# Another which one?



## fishrman (Oct 19, 2013)

OK, I thought I had made up my mind to go with the Cub Cadet that is on sale for 10% off till Sunday. Was going to go with the 26 inch as it had a 277 cc motor, as I remember instead of the 24 that had a 208 or something similar. Then, I got to reading and reading and reading some more on here and elsewhere that they weren't all that well built and read of problems here and there. Yes, I also read some really good reviews on the cubs as well! 
Bottom line is that in doing all my research, literally several hours that is turning into days, I have concluded that one of the best units built is the Ariens. I do enjoy quality built machines and understand you have to pay for quality even though I kind of have Cadillac taste and a Volkswagon pocket book.
My old blower is still functional and I would just like to upgrade as my back isn't what it used to be. I have an old 21 inch Toro built in about 1980. Probably give it to my son if I can figure out what to buy.
OK, I like the easy steering or automatic steering or whatever name they want to give it. It appears to me the ideal machine for me would be the Ariens 24 inch Platinum. But, I could buy the 28 inch Deluxe for about 350.00 less money, which doesn't make allot of sense to me. The new model year 28 inch has the easy steer feature as well.
I just don't know that I want that big of machine. I have a 3 car garage with a driveway no longer than 30 feet or so and then probably 100 feet or so of walk. Of course, I try to help out the neighbors as well. 
Any thoughts are appreciated as I am driving myself banana's trying to figure this puzzle out. Do you think the 28 would be to cumbersome or perhaps get that way as I get older? I know it would take up a little more room in my garage. On the other hand, that 24, I think, would be the cats meow. I think.


----------



## Blue Hill (Mar 31, 2013)

Welcome to the forum fishrman. Here's how it stacks up for me, because I, like you, have been researching this thing for quite a while and will be buying an Ariens Platinum 24 as soon as the dealer has them ready.
Platinum 24 - Bigger engine 291 vs 254. No replacement for displacement. 
More torque - 14.5 vs 12.5
Bigger wheels - 16" vs 15
Hand warmers - Standard vs optional
Smaller footprint should make it more maneuverable in tight spaces, even though both have the auto-turn.
Everything else, except the price, is pretty much a wash.
Platinum is going to be more pricey, but in my experience, you usually get what you pay for.
Good luck, whichever you choose, you won't go wrong with an Ariens.


----------



## fishrman (Oct 19, 2013)

Thanks for the input! All good reasons to get the Platinum. The hand warmers are not at all important to me. I am very warm blooded but more power and a little smaller footprint to help with maneuverability should be nice, I think. I have never used one bigger than my old 21 inch Toro so not sure about the 28 size. I sure like the price of the 28 better than the 21 though. Not sure there is 350.00 difference that I see. Just trying to justify it in my own mind I guess. It might be one of those deals where I will have to look at it as a gift to myself and not worry about the extra coins.


----------



## micah68kj (Oct 8, 2011)

Just me but no way would I buy a 28" for a 30' driveway. I don't care that it steers easily. That's just too much machine. My humble 2¢. Also a little curious about changing brands from Toro to Ariens if you've had that old Toro for so long? Welcome to the best snow blower forum anywhere.


----------



## fishrman (Oct 19, 2013)

micah68kj said:


> Just me but no way would I buy a 28" for a 30' driveway. I don't care that it steers easily. That's just too much machine. My humble 2¢. Also a little curious about changing brands from Toro to Ariens if you've had that old Toro for so long? Welcome to the best snow blower forum anywhere.

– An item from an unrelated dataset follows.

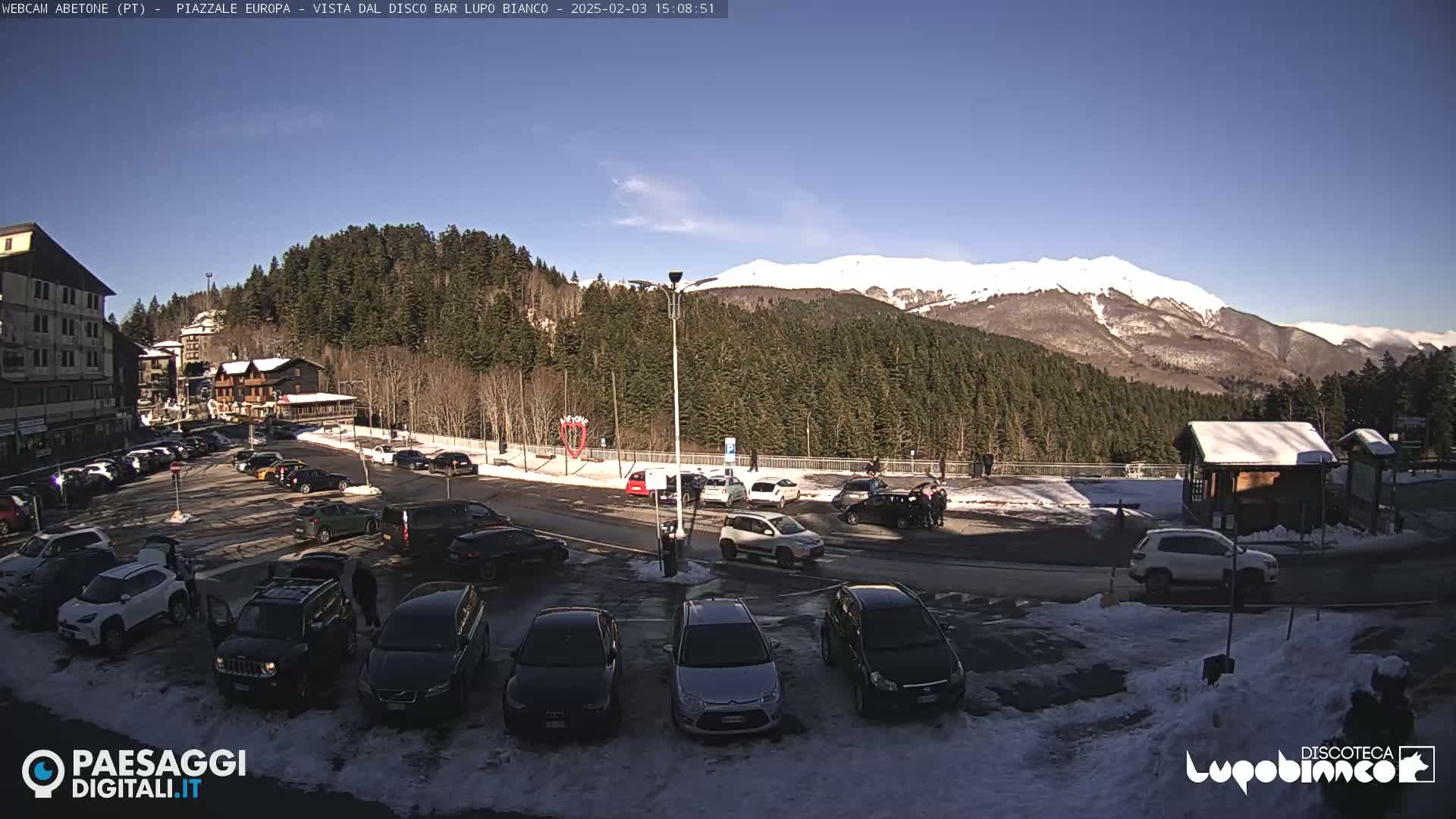 A snow-dusted parking lot filled with cars sits before a snow-capped mountain range under a clear blue sky.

Ya, not sure I made the dimensions of my driveway very clear. It is probably about 30x40. Not huge by any stretch.
Anyway, you are probably right. If they were both the same price as the 28 I wouldn't hesitate on getting the 24. It isn't that I don't have the money but rather just hate to spend it if I don't need to. Guess I should just keep using the Toro till it completely dies. I am 63 and a long ways from not being able to get around, I hope, but I think the easy steer or automatic steer would be helpful. My back isn't what it used to be. Then, I have second thoughts and think maybe I should just save even more money and get the cub in the 24 or 26. 
I looked at the toro and not sure I saw a 24 with the easy steer. I think, maybe, the Ariens Platinum can be found for a little less than the 26 Toro with the steering feature.


----------



## Blue Hill (Mar 31, 2013)

For me, I have been "settling for" and making do, or just doing without my whole life. Now I'm getting older and have got a little more cash, I'm gonna have the very best tool for the job.


----------



## Shryp (Jan 1, 2011)

Have you considered used? Most of the the old 24" Ariens have a differential in them which is kind of like an easy steer. I went from a 21" Toro to a 24" Ariens and did appreciate the upgrade is width and height.


----------



## fishrman (Oct 19, 2013)

Blue Hill said:


> Welcome to the forum fishrman. Here's how it stacks up for me, because I, like you, have been researching this thing for quite a while and will be buying an Ariens Platinum 24 as soon as the dealer has them ready.
> Platinum 24 - Bigger engine 291 vs 254. No replacement for displacement.
> More torque - 14.5 vs 12.5
> Bigger wheels - 16" vs 15
> ...


 Ok, just went to a dealer about 60 miles from me. About the closest one I have. He had all models in stock but they were all 2012 models. The thing that I am now confused on is the motor on the 24. The one I looked at had a 254 with the 12.5 torque not 14.5 in the 291cc. Is this a change they made for the new model year? He had no 2013 or 2014s on the floor. He also said the new ones did have a different motor but he indicated it would be made in China motor but then he couldn't show me that the 12.5 on the 2012 machine wasn't made in china. Some of the bigger Briggs had stickers on them saying Made in USA but the 12.5 on the 24 he showed me didn't have the sticker. I think I have decided that the 28 incher is a great machine but more machine than I need. 
Yes, I have thought about a good used one but haven't seen one yet that I wanted. Unless it is like new, I probably want a new one at the best price I can find. That is a challenge because they all seem to be priced about the same.


----------



## Blue Hill (Mar 31, 2013)

I like the features for the new model year for my needs. That would be my choice, even if the old models were cheaper.


----------



## fishrman (Oct 19, 2013)

Blue Hill said:


> I like the features for the new model year for my needs. That would be my choice, even if the old models were cheaper.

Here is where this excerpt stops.